Texte intégral
En décembre dernier, nous insistions dans ces colonnes sur la nécessité de concilier la juste rétribution du travail des salariés et la création d'emplois. Le conseil confédéral puis le bureau ont confirmé cet objectif en adressant aux fédérations et aux unions départementales leurs préconisations sur les salaires.

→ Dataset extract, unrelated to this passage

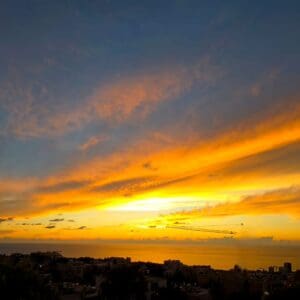 שקיעה מרהיבה בחיפה ביום הזיכרון לקורבנות ה-7 באוקטובר שקיעה מרהיבה בחיפה ביום הזיכרון לקורבנות ה-7 באוקטובר - גם שמי חיפה לא קופחו והצבעים המרהיבים כיסו את שנינו בעת שקיעה 5/10/26 (צילום: נילי בנו)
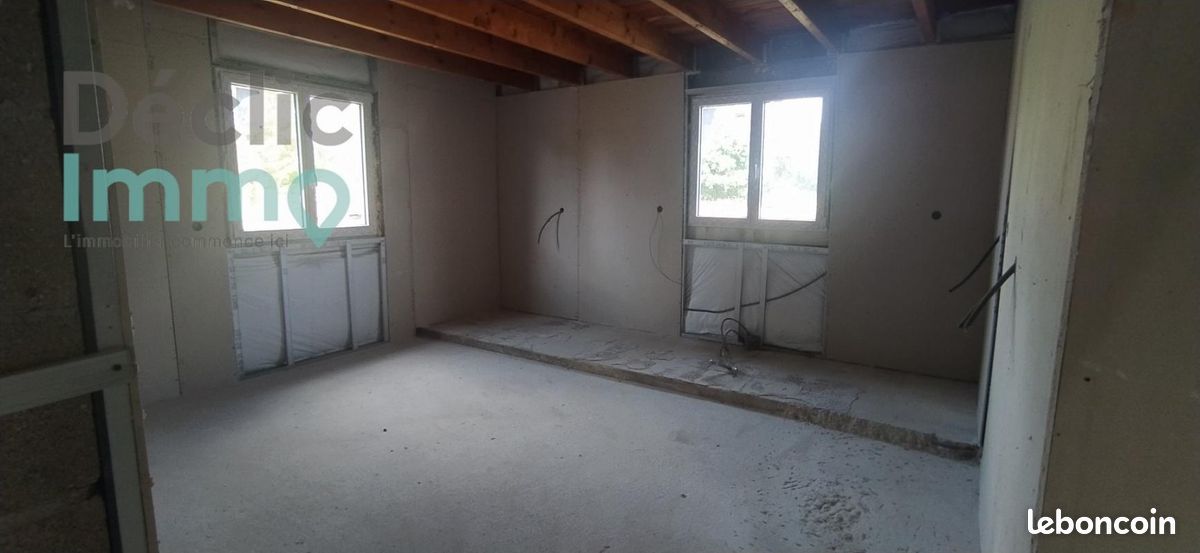 Maison 1 pièce 276 m² - Ruffec 16700 (image principale 6)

Les négociateurs CFTC s'efforceront d'obtenir un redressement des minima conventionnels pour 1995 et au minimum dans les entreprises la garantie du maintien du pouvoir d'achat pour tous. De plus, les salariés doivent recevoir leur part des gains de productivité et de compétitivité auxquels ils ont contribué. C'est la notion de juste salaire, qui ne saurait être valablement contestée au nom de l'emploi. Ce gain de pouvoir d'achat peut se faire sous la forme de salaire ou de réduction du temps de travail. La participation et l'intéressement sont aussi des moyens de partager les gains de productivité en consolidant l'avenir.

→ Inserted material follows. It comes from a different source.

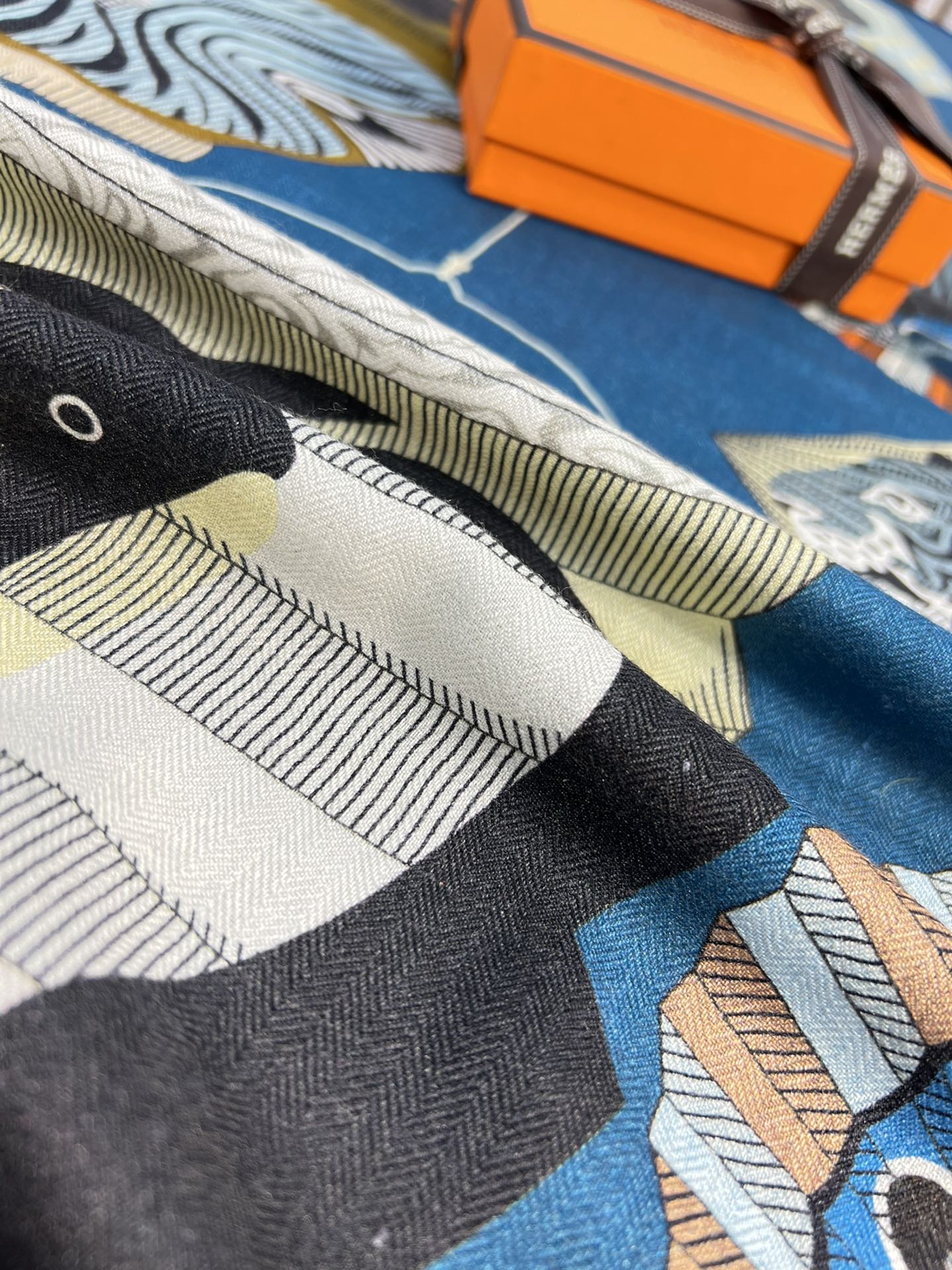 Большой двусторонний бархатный шарф Hermes - 140 см - 003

Une période de décisions va s'ouvrir.
La période qui s'ouvre va être plus favorable aux décisions. Sans attendre tout des dirigeants politiques, nous devons être prêts à agir auprès du nouveau président de la République afin d'obtenir les bonnes décisions. De son côté le CNPF vient de désigner son nouveau Président, Jean Gandois, qui n'a pas fait mystère de son intention de redonner corps au dialogue avec les confédérations.
Au cours de la récession de 1993, chacun a pris conscience des dégâts que peut causer une économie libérale mondialisée dans une Europe en quête d'unité économique et monétaire. Au moins confusément, chacun se rend compte qu'il est grand temps de reprendre le contrôle de l'évolution sociale. Or, la croissance revenue dégage les marges de manœuvres nécessaires à l'action de redressement.
C'est pourquoi, notre proposition d'un engagement ou d'un contrat collectif entre partenaires sociaux pour l'emploi et la protection sociale devient de plus en plus opportune.
Revitaliser la politique contractuelle
L'année 1995 doit donc être une année de revitalisation de la politique contractuelle. Bien entendu, les questions liées à l'emploi sont les toutes premières à mériter un réveil de la négociation à tous les niveaux. Depuis septembre dernier, par le canal de la lettre confédérale, les militants sont invités à demander, dans leur entreprise et leur administration des discussions ou des négociations sur les moyens de sauver ou de créer des emplois, notamment en mettant à profit les gains de compétitivité et de développement de la production ou des services.
Dans un autre domaine, les partenaires sociaux doivent d'urgence s'accorder sur les perspectives d'avenir de la protection sociale. Des discussions bilatérales entre le patronat et les syndicats doivent, le plus vite possible, permettre d'établir une base de discussion avec les Pouvoirs publics. Le Conseil confédéral de la CFTC appelle les quatre confédérations réformistes à en faire la proposition au CNPF, dans un esprit de négociation. Les fondements du système français de protection sociale doivent être réaffirmés, avec une répartition plus claire des responsabilités entre l'État et les partenaires sociaux, aux différents échelons nationaux, régionaux et locaux, dans un esprit de subsidiarité.
Le "Livre blanc sur l'assurance maladie" constitue par exemple une base intéressante de discussion parce qu'il n'oppose pas qualité et gestion, même si telle ou telle proposition précise est contestable. La CFTC s'est prononcée pour un plan de cinq ans négocié entre les partenaires sociaux et l'État. La question de recettes nouvelles ne peut se poser qu'après que cet effort de redressement ait été engagé.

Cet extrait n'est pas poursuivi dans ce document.